Start of INFORMATION SHOWN
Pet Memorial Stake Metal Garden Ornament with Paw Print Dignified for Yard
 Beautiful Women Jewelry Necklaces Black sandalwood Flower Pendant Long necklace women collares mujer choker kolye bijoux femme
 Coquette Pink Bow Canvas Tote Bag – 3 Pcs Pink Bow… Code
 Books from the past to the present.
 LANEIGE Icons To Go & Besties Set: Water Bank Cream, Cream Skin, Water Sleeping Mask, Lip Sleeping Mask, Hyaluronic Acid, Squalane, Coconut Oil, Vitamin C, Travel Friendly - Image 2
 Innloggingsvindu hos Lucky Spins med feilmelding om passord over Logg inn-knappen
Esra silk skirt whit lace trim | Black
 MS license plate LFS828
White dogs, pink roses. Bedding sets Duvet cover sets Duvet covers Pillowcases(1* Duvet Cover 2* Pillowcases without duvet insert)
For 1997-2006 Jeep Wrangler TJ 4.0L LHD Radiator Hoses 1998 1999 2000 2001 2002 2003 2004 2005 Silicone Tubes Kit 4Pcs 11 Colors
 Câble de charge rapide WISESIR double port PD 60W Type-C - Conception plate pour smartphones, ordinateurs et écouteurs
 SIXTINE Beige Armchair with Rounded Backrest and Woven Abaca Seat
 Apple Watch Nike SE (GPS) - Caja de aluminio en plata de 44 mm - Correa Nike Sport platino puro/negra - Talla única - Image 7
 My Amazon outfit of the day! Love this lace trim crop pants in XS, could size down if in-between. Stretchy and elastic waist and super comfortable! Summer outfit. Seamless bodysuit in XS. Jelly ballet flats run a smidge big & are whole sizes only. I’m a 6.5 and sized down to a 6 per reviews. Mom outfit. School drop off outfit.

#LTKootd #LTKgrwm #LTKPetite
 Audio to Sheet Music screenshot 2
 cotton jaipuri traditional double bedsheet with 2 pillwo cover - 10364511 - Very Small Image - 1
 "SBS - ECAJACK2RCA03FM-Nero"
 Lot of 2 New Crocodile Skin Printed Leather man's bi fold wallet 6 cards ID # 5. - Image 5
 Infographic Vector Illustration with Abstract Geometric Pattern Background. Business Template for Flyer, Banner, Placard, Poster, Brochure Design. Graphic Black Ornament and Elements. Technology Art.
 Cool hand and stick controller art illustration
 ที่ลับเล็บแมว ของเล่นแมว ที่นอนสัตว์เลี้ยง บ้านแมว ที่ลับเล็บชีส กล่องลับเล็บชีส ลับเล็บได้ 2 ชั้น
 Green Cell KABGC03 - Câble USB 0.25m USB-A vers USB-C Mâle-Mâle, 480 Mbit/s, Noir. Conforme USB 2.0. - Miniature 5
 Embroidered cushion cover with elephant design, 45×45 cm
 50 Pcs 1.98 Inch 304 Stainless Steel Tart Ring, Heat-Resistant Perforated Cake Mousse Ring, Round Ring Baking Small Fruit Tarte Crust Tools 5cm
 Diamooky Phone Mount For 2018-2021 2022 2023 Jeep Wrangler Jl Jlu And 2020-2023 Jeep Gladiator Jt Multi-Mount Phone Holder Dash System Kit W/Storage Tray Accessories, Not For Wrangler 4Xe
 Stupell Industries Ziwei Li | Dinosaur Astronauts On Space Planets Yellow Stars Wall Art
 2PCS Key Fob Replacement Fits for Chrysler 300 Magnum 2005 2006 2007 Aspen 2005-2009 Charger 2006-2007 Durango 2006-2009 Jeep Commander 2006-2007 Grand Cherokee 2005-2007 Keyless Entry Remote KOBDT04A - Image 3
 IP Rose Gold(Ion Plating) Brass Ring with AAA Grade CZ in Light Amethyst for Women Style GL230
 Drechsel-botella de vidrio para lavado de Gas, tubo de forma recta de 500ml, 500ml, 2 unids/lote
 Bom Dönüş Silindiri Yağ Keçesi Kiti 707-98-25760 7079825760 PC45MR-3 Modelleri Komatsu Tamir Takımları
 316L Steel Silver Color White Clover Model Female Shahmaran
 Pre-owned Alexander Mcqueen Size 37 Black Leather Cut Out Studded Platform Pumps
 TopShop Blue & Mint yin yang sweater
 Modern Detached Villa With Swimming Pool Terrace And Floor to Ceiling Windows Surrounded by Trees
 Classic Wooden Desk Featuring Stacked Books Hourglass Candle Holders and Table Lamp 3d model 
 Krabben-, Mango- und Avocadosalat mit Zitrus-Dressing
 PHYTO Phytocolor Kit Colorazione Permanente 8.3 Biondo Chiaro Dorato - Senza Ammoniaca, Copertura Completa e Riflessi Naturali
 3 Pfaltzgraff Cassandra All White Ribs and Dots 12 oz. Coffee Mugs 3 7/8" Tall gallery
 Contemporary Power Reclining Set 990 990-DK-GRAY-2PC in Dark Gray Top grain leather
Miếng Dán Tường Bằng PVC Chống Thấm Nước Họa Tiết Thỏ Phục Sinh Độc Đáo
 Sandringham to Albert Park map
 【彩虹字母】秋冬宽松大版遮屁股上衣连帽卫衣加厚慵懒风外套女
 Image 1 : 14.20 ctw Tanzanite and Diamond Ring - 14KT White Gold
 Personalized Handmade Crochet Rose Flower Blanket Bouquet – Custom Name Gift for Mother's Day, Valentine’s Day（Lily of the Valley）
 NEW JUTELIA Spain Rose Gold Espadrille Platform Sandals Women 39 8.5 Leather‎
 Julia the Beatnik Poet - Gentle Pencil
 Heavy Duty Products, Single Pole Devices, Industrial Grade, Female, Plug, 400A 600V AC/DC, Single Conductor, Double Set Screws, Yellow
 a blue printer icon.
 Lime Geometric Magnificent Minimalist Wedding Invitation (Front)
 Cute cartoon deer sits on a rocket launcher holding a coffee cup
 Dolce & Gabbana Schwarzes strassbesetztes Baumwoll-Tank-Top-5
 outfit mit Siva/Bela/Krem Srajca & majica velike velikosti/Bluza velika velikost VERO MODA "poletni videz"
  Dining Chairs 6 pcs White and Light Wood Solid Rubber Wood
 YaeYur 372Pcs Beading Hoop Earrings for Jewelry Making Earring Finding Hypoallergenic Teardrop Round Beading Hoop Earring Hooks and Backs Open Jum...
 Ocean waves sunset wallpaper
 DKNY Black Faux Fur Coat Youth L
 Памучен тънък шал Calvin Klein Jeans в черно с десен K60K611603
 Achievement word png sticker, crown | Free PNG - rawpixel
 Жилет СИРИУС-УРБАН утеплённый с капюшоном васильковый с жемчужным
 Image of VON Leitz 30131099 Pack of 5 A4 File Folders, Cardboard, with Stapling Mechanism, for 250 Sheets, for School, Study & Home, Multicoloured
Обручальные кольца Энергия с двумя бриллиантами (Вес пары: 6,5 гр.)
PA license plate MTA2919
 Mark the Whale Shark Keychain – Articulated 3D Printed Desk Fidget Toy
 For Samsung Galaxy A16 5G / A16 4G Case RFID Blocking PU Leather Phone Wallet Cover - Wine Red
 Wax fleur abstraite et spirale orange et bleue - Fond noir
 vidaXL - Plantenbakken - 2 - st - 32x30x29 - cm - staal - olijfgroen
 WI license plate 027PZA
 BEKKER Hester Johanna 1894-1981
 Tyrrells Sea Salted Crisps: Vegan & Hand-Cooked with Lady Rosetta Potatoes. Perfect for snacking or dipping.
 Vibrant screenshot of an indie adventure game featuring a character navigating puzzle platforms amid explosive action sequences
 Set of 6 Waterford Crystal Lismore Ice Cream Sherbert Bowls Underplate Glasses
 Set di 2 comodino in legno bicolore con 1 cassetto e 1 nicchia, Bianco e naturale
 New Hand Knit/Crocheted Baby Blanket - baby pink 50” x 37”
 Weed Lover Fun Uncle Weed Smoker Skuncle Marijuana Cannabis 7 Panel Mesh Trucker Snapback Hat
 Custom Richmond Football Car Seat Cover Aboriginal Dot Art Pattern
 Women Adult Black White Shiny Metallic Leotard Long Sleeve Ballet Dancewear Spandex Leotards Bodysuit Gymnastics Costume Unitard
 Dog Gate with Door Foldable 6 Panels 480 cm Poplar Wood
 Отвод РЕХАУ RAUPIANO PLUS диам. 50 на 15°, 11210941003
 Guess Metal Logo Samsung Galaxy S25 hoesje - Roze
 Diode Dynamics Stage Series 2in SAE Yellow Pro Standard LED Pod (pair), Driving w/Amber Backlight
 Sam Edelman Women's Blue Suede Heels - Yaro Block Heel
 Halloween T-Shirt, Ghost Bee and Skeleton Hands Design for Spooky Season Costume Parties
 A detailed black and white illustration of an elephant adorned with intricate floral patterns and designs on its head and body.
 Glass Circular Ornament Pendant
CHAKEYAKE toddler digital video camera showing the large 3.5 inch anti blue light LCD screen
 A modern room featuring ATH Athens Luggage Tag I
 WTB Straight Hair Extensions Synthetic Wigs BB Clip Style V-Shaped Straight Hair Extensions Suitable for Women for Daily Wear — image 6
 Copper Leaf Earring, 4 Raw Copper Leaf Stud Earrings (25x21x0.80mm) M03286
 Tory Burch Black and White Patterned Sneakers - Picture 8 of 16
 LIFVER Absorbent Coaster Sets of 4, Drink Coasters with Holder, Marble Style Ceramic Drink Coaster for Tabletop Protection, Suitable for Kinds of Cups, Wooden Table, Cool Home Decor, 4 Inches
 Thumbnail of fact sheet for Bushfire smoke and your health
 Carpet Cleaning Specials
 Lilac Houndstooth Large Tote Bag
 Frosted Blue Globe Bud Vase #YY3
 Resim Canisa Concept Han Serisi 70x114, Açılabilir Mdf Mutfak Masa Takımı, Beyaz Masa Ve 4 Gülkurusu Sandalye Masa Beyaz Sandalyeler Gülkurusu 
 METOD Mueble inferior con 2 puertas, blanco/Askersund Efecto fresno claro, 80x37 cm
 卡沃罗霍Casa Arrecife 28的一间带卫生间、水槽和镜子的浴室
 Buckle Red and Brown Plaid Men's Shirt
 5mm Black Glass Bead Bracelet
End of INFORMATION SHOWN
ASSIGNMENT => Beginning at the line above with "TopShop Blue & Mint yin yang sweater" and finishing at the line with "YaeYur 372Pcs Beading", return each line exactly and return nothing else.

ANSWER TO THIS TASK =>
 TopShop Blue & Mint yin yang sweater
 Modern Detached Villa With Swimming Pool Terrace And Floor to Ceiling Windows Surrounded by Trees
 Classic Wooden Desk Featuring Stacked Books Hourglass Candle Holders and Table Lamp 3d model 
 Krabben-, Mango- und Avocadosalat mit Zitrus-Dressing
 PHYTO Phytocolor Kit Colorazione Permanente 8.3 Biondo Chiaro Dorato - Senza Ammoniaca, Copertura Completa e Riflessi Naturali
 3 Pfaltzgraff Cassandra All White Ribs and Dots 12 oz. Coffee Mugs 3 7/8" Tall gallery
 Contemporary Power Reclining Set 990 990-DK-GRAY-2PC in Dark Gray Top grain leather
Miếng Dán Tường Bằng PVC Chống Thấm Nước Họa Tiết Thỏ Phục Sinh Độc Đáo
 Sandringham to Albert Park map
 【彩虹字母】秋冬宽松大版遮屁股上衣连帽卫衣加厚慵懒风外套女
 Image 1 : 14.20 ctw Tanzanite and Diamond Ring - 14KT White Gold
 Personalized Handmade Crochet Rose Flower Blanket Bouquet – Custom Name Gift for Mother's Day, Valentine’s Day（Lily of the Valley）
 NEW JUTELIA Spain Rose Gold Espadrille Platform Sandals Women 39 8.5 Leather‎
 Julia the Beatnik Poet - Gentle Pencil
 Heavy Duty Products, Single Pole Devices, Industrial Grade, Female, Plug, 400A 600V AC/DC, Single Conductor, Double Set Screws, Yellow
 a blue printer icon.
 Lime Geometric Magnificent Minimalist Wedding Invitation (Front)
 Cute cartoon deer sits on a rocket launcher holding a coffee cup
 Dolce & Gabbana Schwarzes strassbesetztes Baumwoll-Tank-Top-5
 outfit mit Siva/Bela/Krem Srajca & majica velike velikosti/Bluza velika velikost VERO MODA "poletni videz"
  Dining Chairs 6 pcs White and Light Wood Solid Rubber Wood
 YaeYur 372Pcs Beading Hoop Earrings for Jewelry Making Earring Finding Hypoallergenic Teardrop Round Beading Hoop Earring Hooks and Backs Open Jum...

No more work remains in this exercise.